Mit der diffamierenden, weil entmenschlichenden Bezeichnung "hood rats" sind obdachlose Menschen in einem Stadtviertel der unteren sozialen Schicht gemeint, so auch in einem gleichnamigen Porno. Eine Verbindung zu den Nagetieren wird auch darin gesehen, dass sie ihrer sozialen Situation so wenig entkommen können wie Ratten einer Falle (Urbandictionary: "Trapped in the hood like a rat in the maze"). Mit der Bezeichnung "gym rats" im Porno "Gym Rat Jackoff" sind Männer gemeint, die Fitness-Studios nur zum Zweck sexueller Aufrisse aufsuchen (Urbandictionary).
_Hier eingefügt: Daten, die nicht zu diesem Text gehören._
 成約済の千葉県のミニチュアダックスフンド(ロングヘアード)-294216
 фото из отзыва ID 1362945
Im Schwulenporno "Horny Water Rats" kann die Bezeichnung "water rat" mit Prostitution assoziiert werden (Urbandictionary: "Derogatory Australian slang for a ship's prostitute"), während der Titel des in Deutschland produzierten Pornos "Water Rats" (aka "Wasserratten") des Labels "Wurstfilm" vermutlich nur die Bedeutung von Menschen hat, die sich gerne im Wasser aufhalten. Mit der Bezeichnung "Mausefalle" lässt sich – ganz ohne Symbolik – auch auf einvernehmliche SM-Rollenspiele verweisen ("Bound Gods. Mousetraps and motor cycles"). Ein Pornolabel heißt "Black Rat".
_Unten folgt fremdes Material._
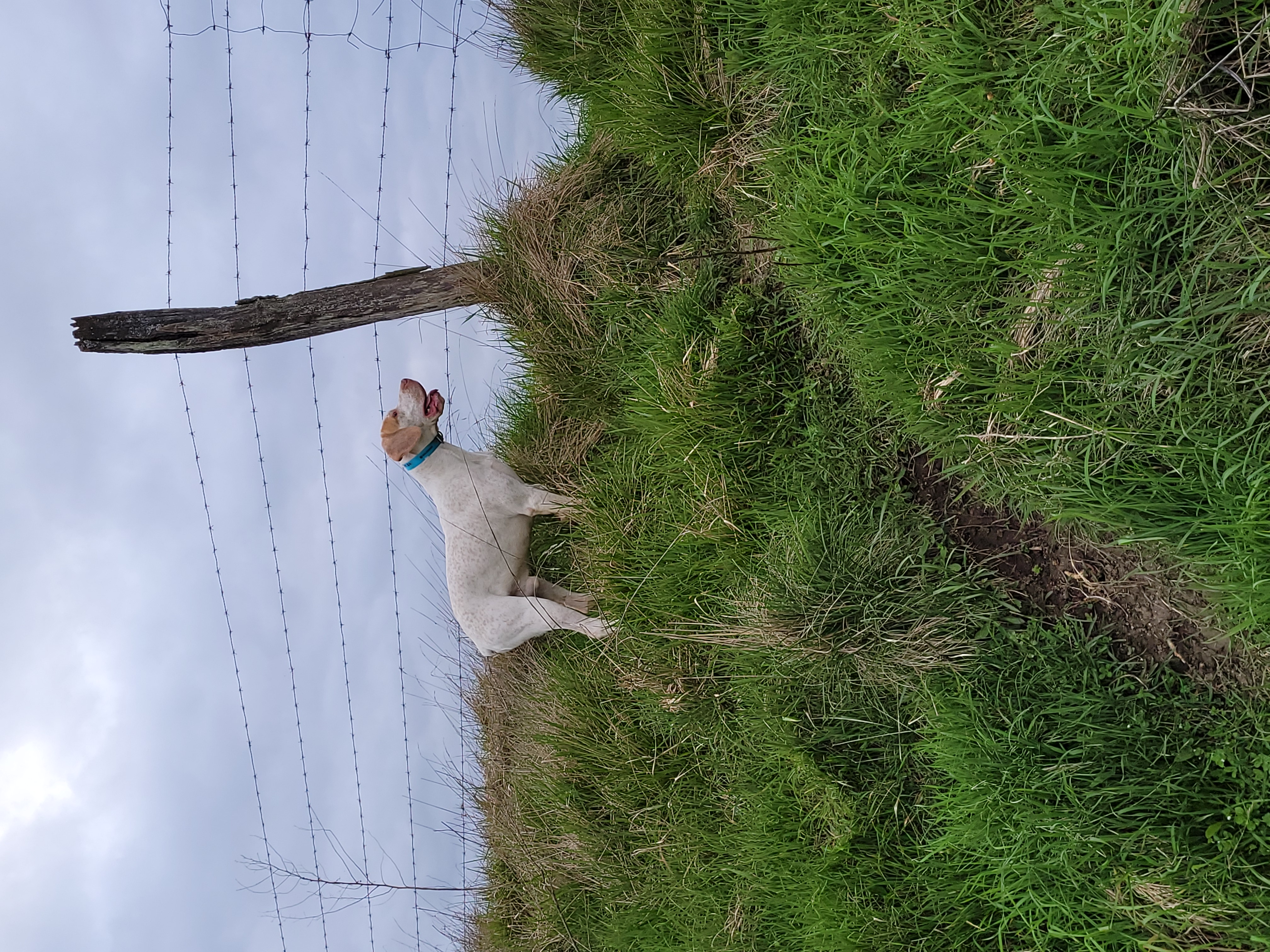 UnikDesPlainesDuPaysDeThelle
Schmetterlinge – Liebe, Lust und Leichtigkeit

Der zarte, sensible Schmetterling ist ein erotisches Symbol der Unschuld und Unberührtheit, indem er farbenprächtig die Schönheit der entfalteten Seele darstellt. Verliebte Menschen drücken ihre Gefühle mit der Metapher "Schmetterlinge im Bauch" aus. Wegen der Befreiung aus einem Kokon und der Verwandlung von einer unansehnlichen Raupe in einen schönen Schmetterling können diese Tiere auch eine vom Körper befreite Seele, eine seelische Wandlungsfähigkeit und in einigen Fällen auch Trans*-Identität symbolisieren. Wegen seiner kurzen Lebensspanne ist der Schmetterling auch ein Sinnbild des flüchtigen Lebens und der Vergänglichkeit.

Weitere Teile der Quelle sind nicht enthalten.